The Orthopedic Consultation Report, dated 12/27/10 at 3:40 p.m., revealed that the resident had sustained a fracture of the tibia/fibula (two bones of the lower leg) of the left leg which required casting and a nonweight bearing status.

During an observation on 1/12/11 at 9:45 a.m. the resident was seated in a wheelchair. Her left leg was casted in a full leg cast and was elevated on a pillow. When asked if she could move her toes on the left foot, she was unable to demonstrate any movement in those toes but at the same time did not complain of pain.

In an interview on 1/12/11 at 1:40 p.m., the Assistant Director of Nursing reported that staff are expected to call the Strong Medical Group to report acute medical issues and when they do, a Physician, Nurse Practitioner, or Physician Assistant, will call them back to address these issues.

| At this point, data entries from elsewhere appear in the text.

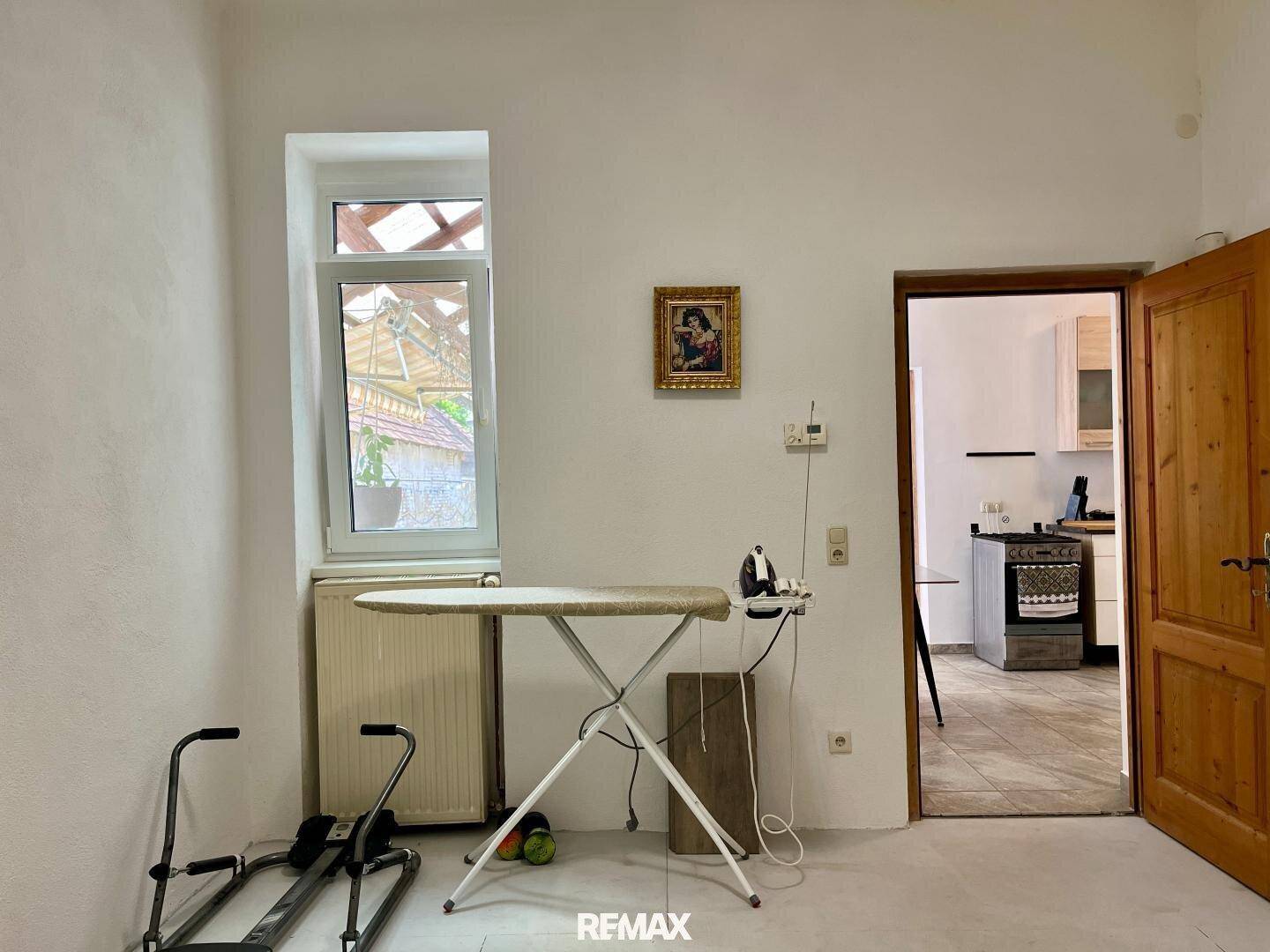 Einfacher Raum mit Bügelbrett und Fenster, angrenzend an die Küche, ideal als Hauswirtschaftsraum.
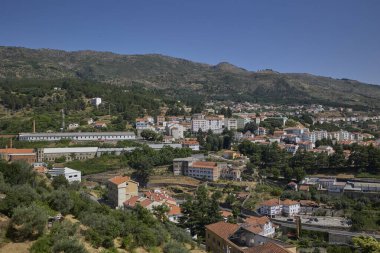 Covilha, Portekiz manzaralı yerleşim binaları, dağlar ve açık mavi gökyüzü..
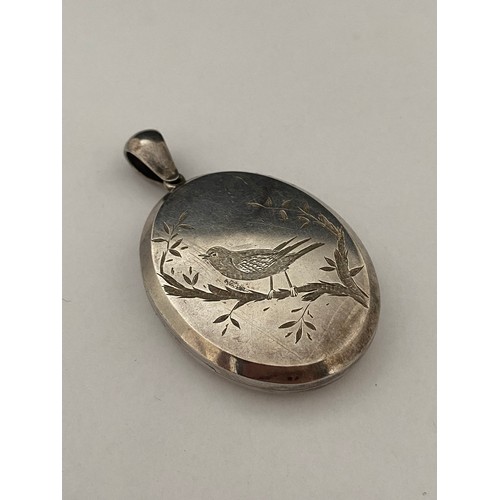 271 - A large Victorian silver locket, the front with engraved decoration of a bird on a branch, the back ... 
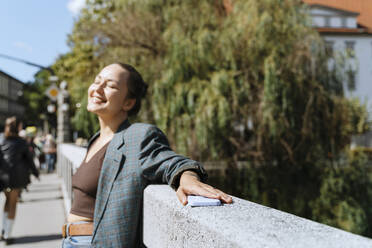Lächelnde Frau verbringt ihre Freizeit an einer Mauer an einem sonnigen Tag - NDEF00974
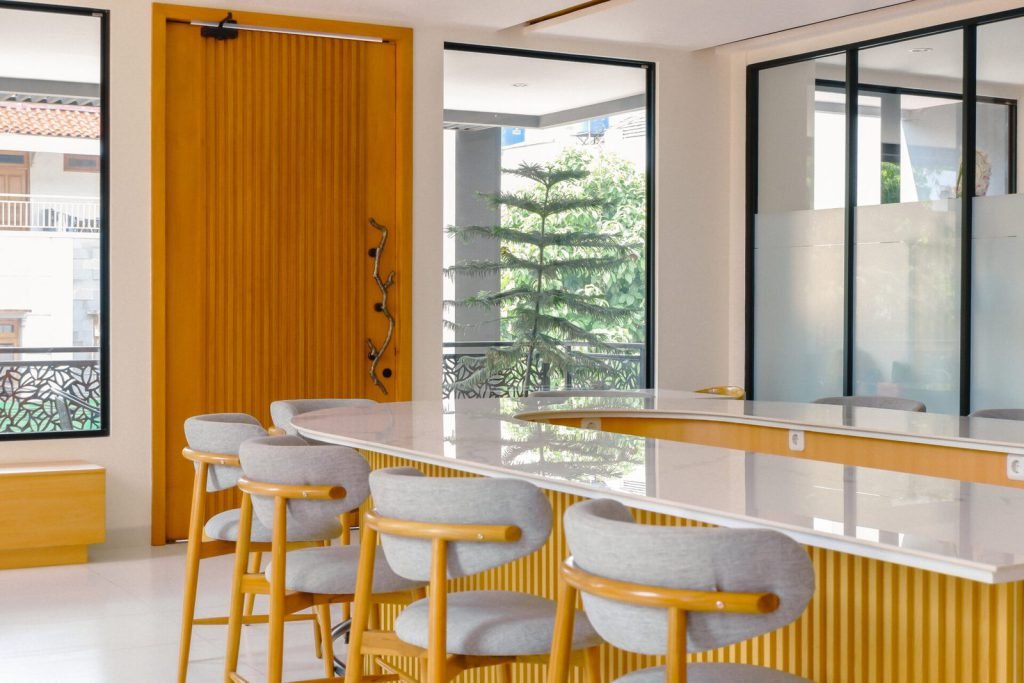 Bar stools at the marble counter in the coffee lounge at Arcelon Premiere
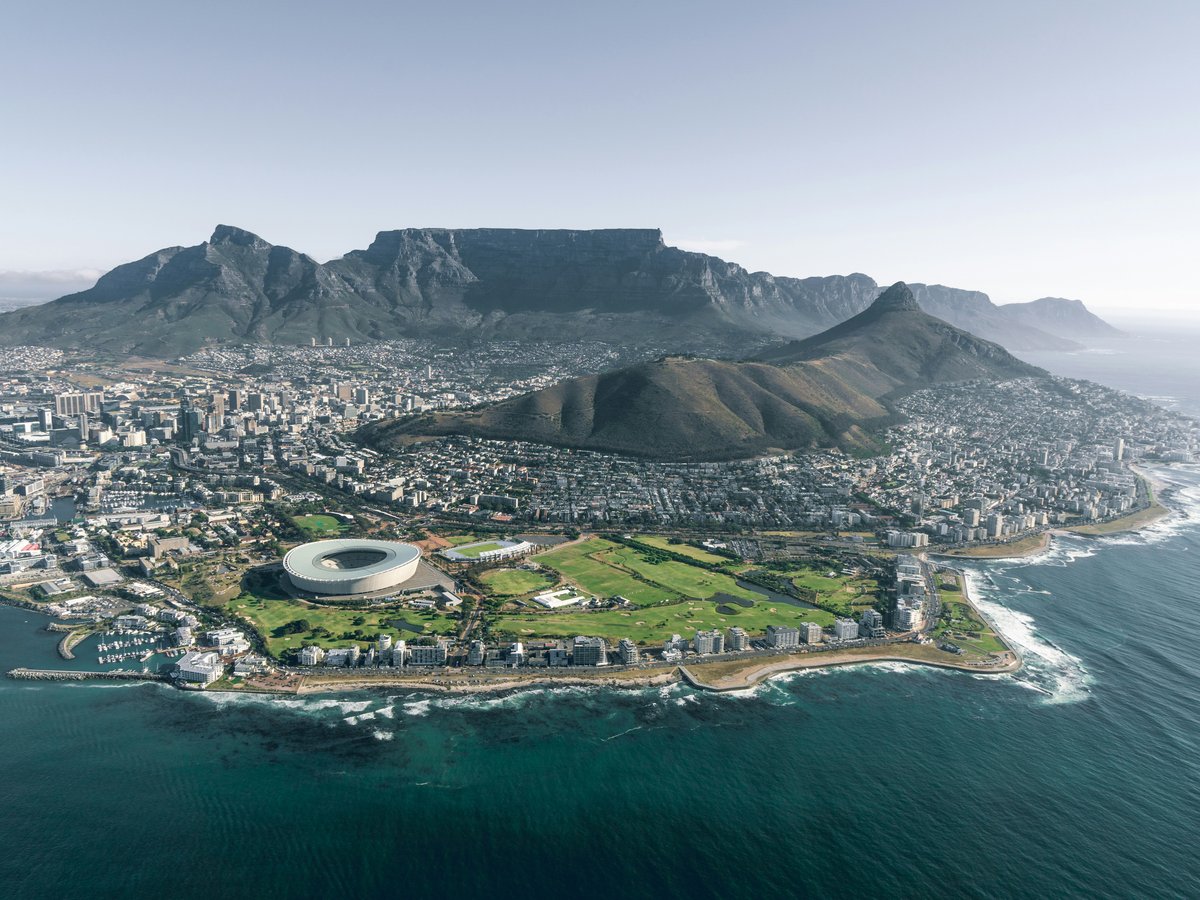 aerial view of city near mountain during daytime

When interviewed on 1/12/11 at 1:45 p.m., the Nurse Manager (a LPN), who was the day Supervisor on 12/25/10, stated that around 2:30 p.m. he recalls LPN #1 telling him about the resident's foot/ankle. He did tell the LPN to elevate the foot, apply cold compress, medicate the resident, and he reported the issue to the oncoming Evening Supervisor (an RN). The Nurse Manager said he did not observe the resident's foot himself.

During an interview on 1/12/11 at 3:15 p.m., the Consultant Nurse stated that she thought the Evening RN Supervisor that worked on 12/25/10 had written a statement regarding the incident but was not able to provide it to the surveyor. The Consultant Nurse stated that she had spoken to the Evening RN Supervisor about the incident and had learned that the reason the RN Supervisor did not call the physician on 12/25/10 and 12/26/10 was that she thought that the pain and swelling was from the resident's osteoarthritis.